Posts tagged with “programming”


Tue 24 Jul

Creating and importing custom Python packages

I'm building a custom Python package for a project I'm working on, and it took me more time than should have been needed to figure out how to achieve the import behavior I wanted for that package.
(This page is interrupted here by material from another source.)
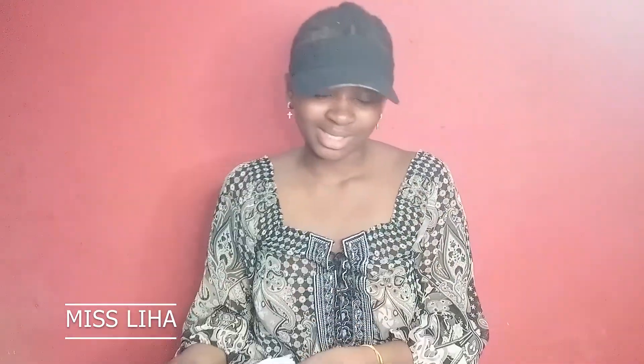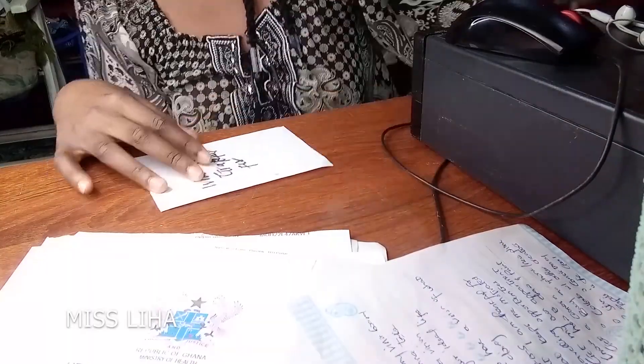I'm definitely going to write all of them on these sheets. When I'm done, I'll submit them to my board and add prayer notes. Let's get started.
The directory structure looks like this:

project_dir/
    foo.py
    package/
        __init__.py
        Bar.py
        Baz.py
        Qux.py

Each of the files in the package defines some classes; for now, we can assume they each have just one eponymous class. foo.py is the driver script that the user actually runs, which mainly just accepts command line arguments and imports the package.
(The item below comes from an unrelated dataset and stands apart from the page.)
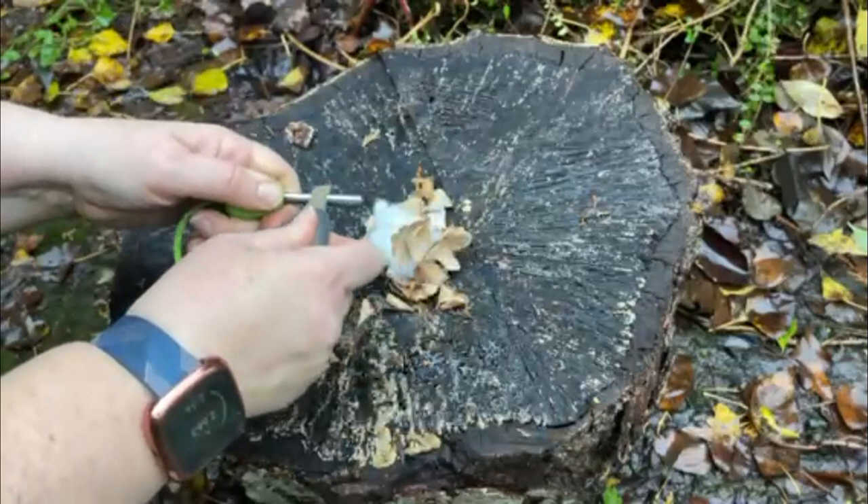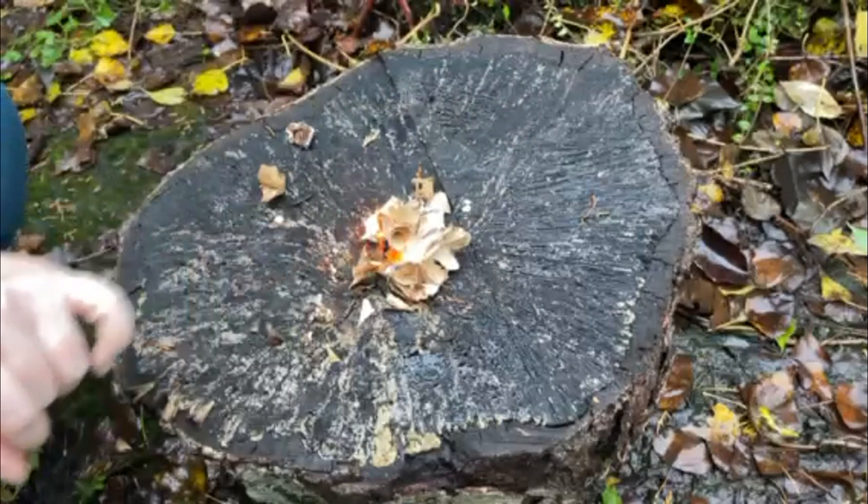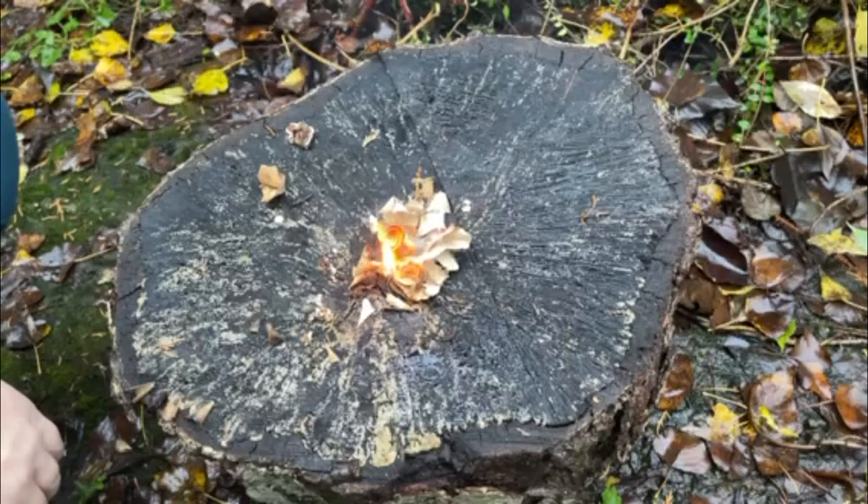Here we go. And you can see, even though the cotton wool will burn quite quickly, the wood shavings now will catch fire as well, and that will give you a nice solid base to create your bigger fire.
What I'd like to be able to do in foo.py is say:

import package
b = package.Bar("asdf")
b.something()

If all my classes were in a single Python source file called package.py, this would be the default behavior. Alternatively, I could say from package import * in foo.py, but that would import my modules directly and frankly I think it looks ugly.
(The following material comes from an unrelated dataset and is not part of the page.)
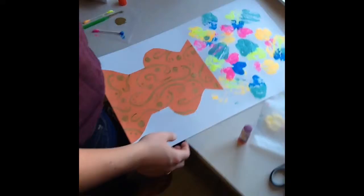And now we're done — here's our final art project. Thanks for watching!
The way to achieve the desired behavior is to perform the imports of each module in the package in the __init__.py file, like so:

from Bar import *
from Baz import *
from Qux import *

Now, when we import the package, all the associated modules come with it.

I found this post very helpful in understanding how modules work, as well as the official documentation.

· Tags: ,

Fri 2 Mar

Gitorious on Ubuntu Server 11.10

I set up a Gitorious installation for my research group today, following the quite good instructions from Lucas here. I had to make a couple minor adjustments to his setup steps, which I'll document below.

I started with a fresh installation of Ubuntu Server 11.10. To get started, run the following:

sudo apt-get install build-essential tcl-dev libgeoip-dev postfix apache2 mysql-server mysql-client apg libsqlite3-dev imagemagick libpcre3-dev zlib1g-dev libyaml-dev libmysqlclient-dev apache2-dev libonig-dev ruby-dev rubygems libmysql-ruby libdbd-mysql-ruby libmagick++-dev zip unzip memcached git-core git-svn git-doc git-cvs irb git sphinxsearch libcurl4-openssl-dev libxslt1-dev libxslt-ruby

You'll be asked to set up a mysql root password; remember what you enter.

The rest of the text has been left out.